“Macrominerals are larger in size and take up more space,” Ferira explains. “When included in premium forms, minerals aren’t cheap.” For both of these reasons, they’re often added to multivitamin formulas in mediocre amounts or left out altogether.
We should point out that macrominerals technically also include electrolytes like sodium, chloride, and phosphorus (for which dietary consumption is plentiful, if not excessive) and sulfur. But as Ferira points out, “Sulfur has no daily nutritional requirement (otherwise known as RDA) since we consume it daily via sulfur-containing amino acids like methionine and cysteine via protein.” You won’t find these four minerals in your multi (and that’s normal/OK) unless it’s a powder formula, which often adds sodium chloride (salt) for the taste factor.
But we digress…back to calcium, magnesium, and the like.
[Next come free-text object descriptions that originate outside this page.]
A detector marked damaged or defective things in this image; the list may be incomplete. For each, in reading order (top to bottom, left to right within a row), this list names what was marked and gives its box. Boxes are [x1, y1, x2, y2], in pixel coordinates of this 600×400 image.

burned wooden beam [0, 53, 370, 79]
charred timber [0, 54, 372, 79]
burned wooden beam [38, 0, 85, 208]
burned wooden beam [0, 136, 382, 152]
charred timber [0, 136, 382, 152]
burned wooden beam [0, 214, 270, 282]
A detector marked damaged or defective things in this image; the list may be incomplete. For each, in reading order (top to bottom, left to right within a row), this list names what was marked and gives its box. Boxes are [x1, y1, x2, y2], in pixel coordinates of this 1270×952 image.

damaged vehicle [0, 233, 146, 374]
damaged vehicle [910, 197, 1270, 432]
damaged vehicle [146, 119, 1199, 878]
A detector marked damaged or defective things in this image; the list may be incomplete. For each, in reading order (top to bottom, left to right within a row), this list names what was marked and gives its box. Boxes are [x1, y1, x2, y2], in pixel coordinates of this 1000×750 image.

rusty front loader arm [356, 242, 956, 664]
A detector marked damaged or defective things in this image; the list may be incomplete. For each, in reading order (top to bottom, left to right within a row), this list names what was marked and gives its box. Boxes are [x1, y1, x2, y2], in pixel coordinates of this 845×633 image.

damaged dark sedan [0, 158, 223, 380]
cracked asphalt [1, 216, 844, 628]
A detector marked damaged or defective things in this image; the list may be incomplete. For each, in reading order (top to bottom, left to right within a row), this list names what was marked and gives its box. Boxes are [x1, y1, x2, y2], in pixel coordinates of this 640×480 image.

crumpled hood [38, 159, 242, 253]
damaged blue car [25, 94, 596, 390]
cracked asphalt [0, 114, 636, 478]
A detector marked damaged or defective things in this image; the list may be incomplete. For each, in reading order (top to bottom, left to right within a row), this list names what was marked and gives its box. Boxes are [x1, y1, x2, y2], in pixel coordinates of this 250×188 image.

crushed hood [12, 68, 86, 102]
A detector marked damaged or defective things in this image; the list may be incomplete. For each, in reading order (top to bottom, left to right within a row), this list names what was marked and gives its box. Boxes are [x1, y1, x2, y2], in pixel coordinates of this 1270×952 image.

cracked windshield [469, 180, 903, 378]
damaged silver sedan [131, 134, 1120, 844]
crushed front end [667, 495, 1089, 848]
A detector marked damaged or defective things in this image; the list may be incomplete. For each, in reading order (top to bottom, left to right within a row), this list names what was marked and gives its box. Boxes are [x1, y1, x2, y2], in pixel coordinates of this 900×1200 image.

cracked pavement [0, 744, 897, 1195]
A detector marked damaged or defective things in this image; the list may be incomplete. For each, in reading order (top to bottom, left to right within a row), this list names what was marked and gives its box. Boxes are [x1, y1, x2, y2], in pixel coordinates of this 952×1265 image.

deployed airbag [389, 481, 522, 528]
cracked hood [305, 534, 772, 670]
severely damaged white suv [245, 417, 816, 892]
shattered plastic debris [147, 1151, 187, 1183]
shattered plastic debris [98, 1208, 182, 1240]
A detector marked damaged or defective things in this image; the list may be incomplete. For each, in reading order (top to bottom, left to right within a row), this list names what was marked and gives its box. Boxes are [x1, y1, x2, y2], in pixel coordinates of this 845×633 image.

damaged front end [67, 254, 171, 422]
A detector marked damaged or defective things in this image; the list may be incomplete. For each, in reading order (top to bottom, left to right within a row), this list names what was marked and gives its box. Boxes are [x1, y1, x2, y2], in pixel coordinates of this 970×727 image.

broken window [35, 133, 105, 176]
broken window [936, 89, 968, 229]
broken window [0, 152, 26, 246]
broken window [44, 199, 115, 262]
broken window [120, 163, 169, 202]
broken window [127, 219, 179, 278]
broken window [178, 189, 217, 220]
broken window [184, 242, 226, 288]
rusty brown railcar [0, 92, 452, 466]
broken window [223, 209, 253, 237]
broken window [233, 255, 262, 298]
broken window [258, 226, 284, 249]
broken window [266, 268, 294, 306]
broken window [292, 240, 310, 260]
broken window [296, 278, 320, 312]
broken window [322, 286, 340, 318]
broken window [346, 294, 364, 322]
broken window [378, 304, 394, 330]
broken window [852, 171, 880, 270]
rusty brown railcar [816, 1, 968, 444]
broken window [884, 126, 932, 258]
So one move, in particular, that a lot of big names in the multivitamin game make, according to Ferira: leaving calcium out of vitamins that are marketed toward men, which, she says, is a huge mistake.
“These brands must not have consulted a dietitian, because an R.D. would have told them that the calcium needs and requirements for men are high: 1,000 milligrams every day until age 50 and then 1,200 milligrams daily from ages 51 on up,” she explains. “They also just so happen to be identical to the needs of women. Men have bone health and density needs, too!”* Oh, and almost 40% of our nation has a calcium gap in their diet, so point taken.